Google’s DeepMind algorithm edges human Go champ in man v machine chess battle
Google’s DeepMind Go playing algorithm has notched up an early win in the opening match of a five game tournament against reigning champion Lee Se-dol of South Korea.
A visibly nervous Se-dol conceded defeat three and a half hours into the bout after his silicon rival outwitted him on the board, further eroding humanity’s smug superiority over technology in the process.
The occasion is now set to go down in the history books as the moment computers mastered one of the oldest (and most difficult) board games known – 19 years after the defeat of chess champion Gary Kasparov in 1997.

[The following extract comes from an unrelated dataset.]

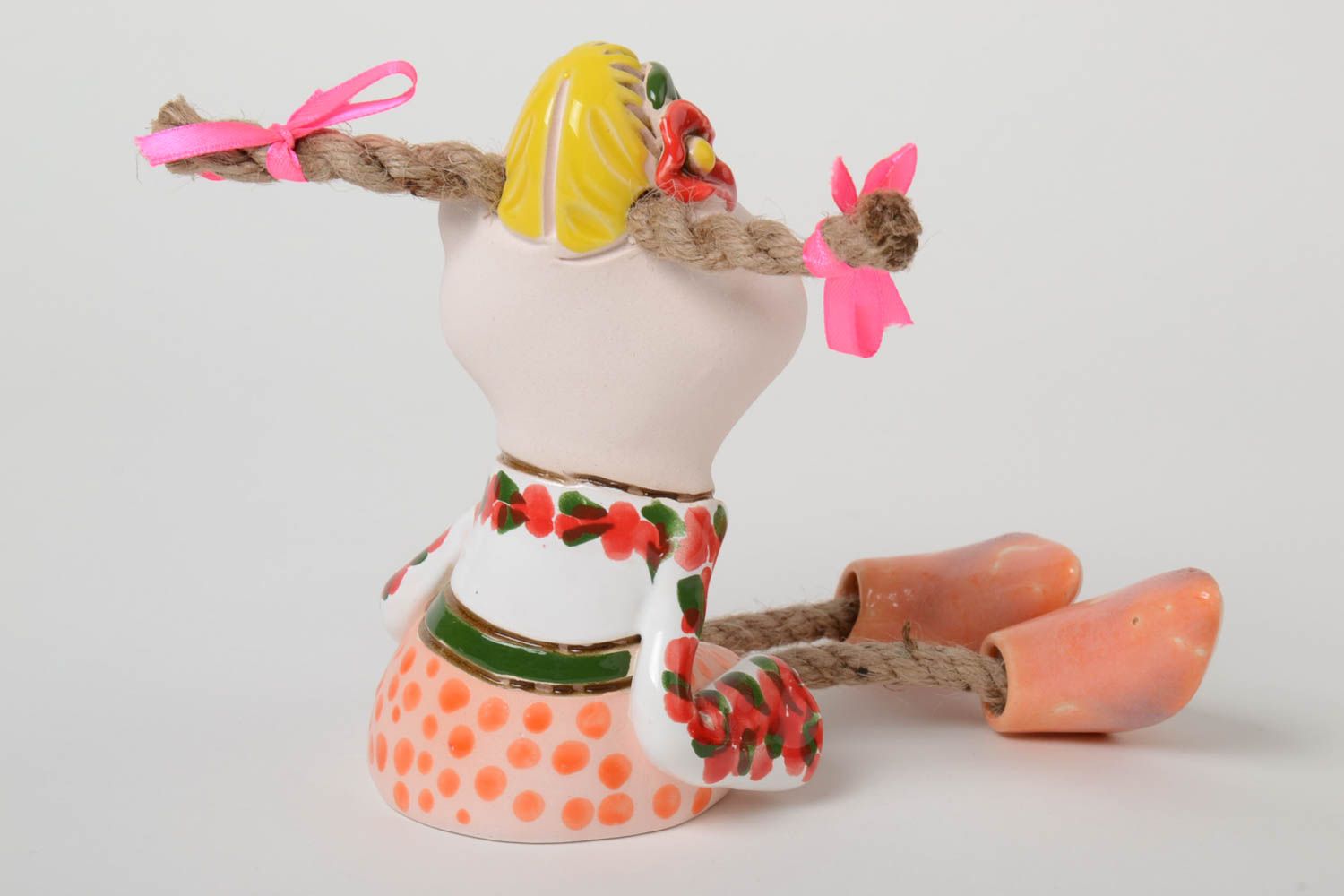 Керамическая статуэтка в виде девушки с косичками ручной работы с росписью фото 4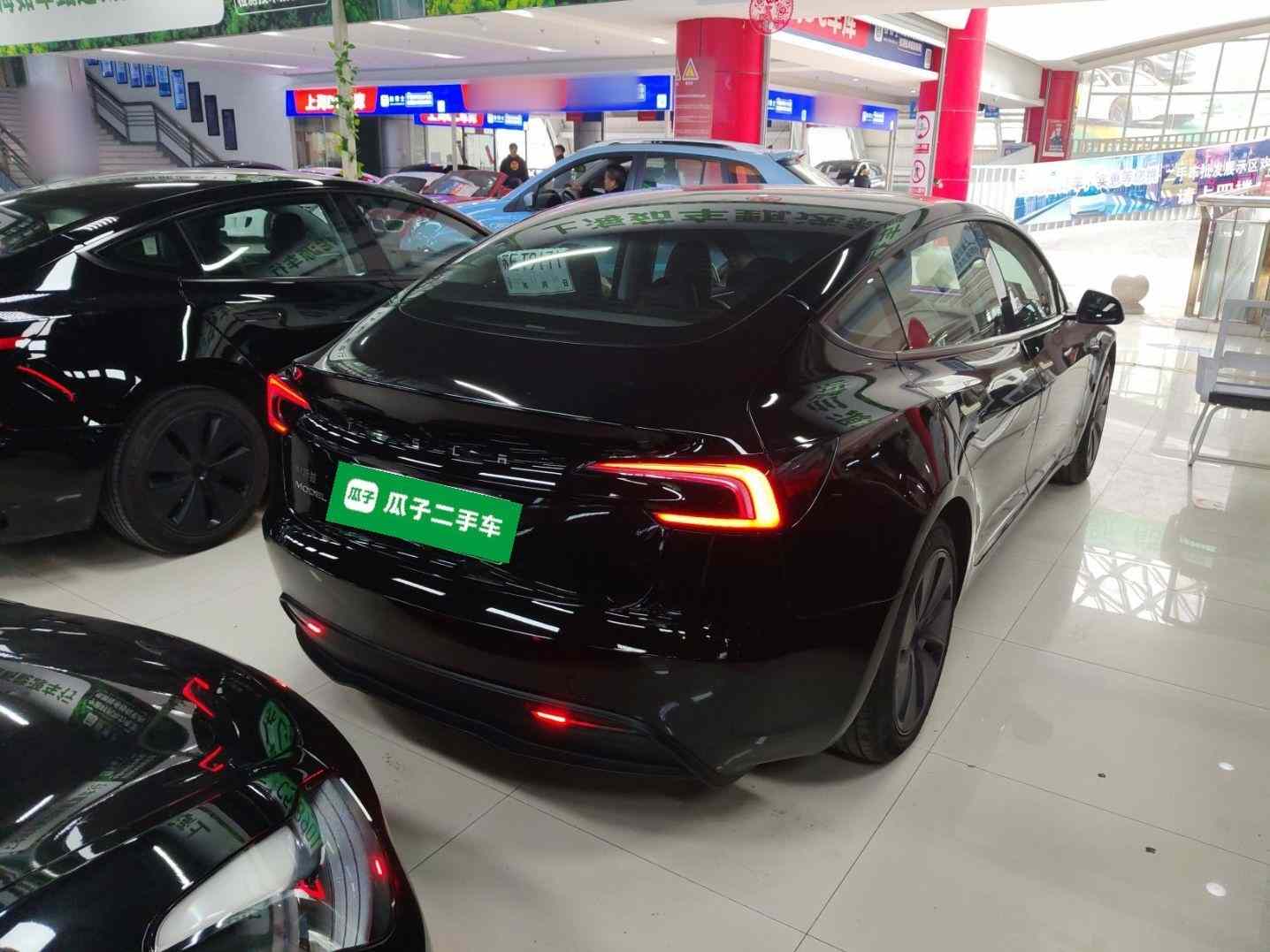 特斯拉 Model 3 2023款 后轮驱动版(4)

Experts had predicted it would take a decade or more for programmers to build software capable of mastering Go due to the sheer volume of possible moves, which discount a brute force of assessing each move in turn.
Instead DeepMind founder Demis Hassabis devised a machine learning algorithm which allowed the code to effectively play against itself and learn from its mistakes to gain understanding of strategy and moves without the need to hard wire these in.
Following his loss Se-dol said: “I admit I am in shock, I did not think I would lose. I couldn't foresee that AlphaGo would play in such a perfect manner. I in turn would like to express my respect to the team who developed this amazing program."
Not all is lost for the human race however as the best of five rules mean it is still possible for Se-dol to pull it back over the course of the week.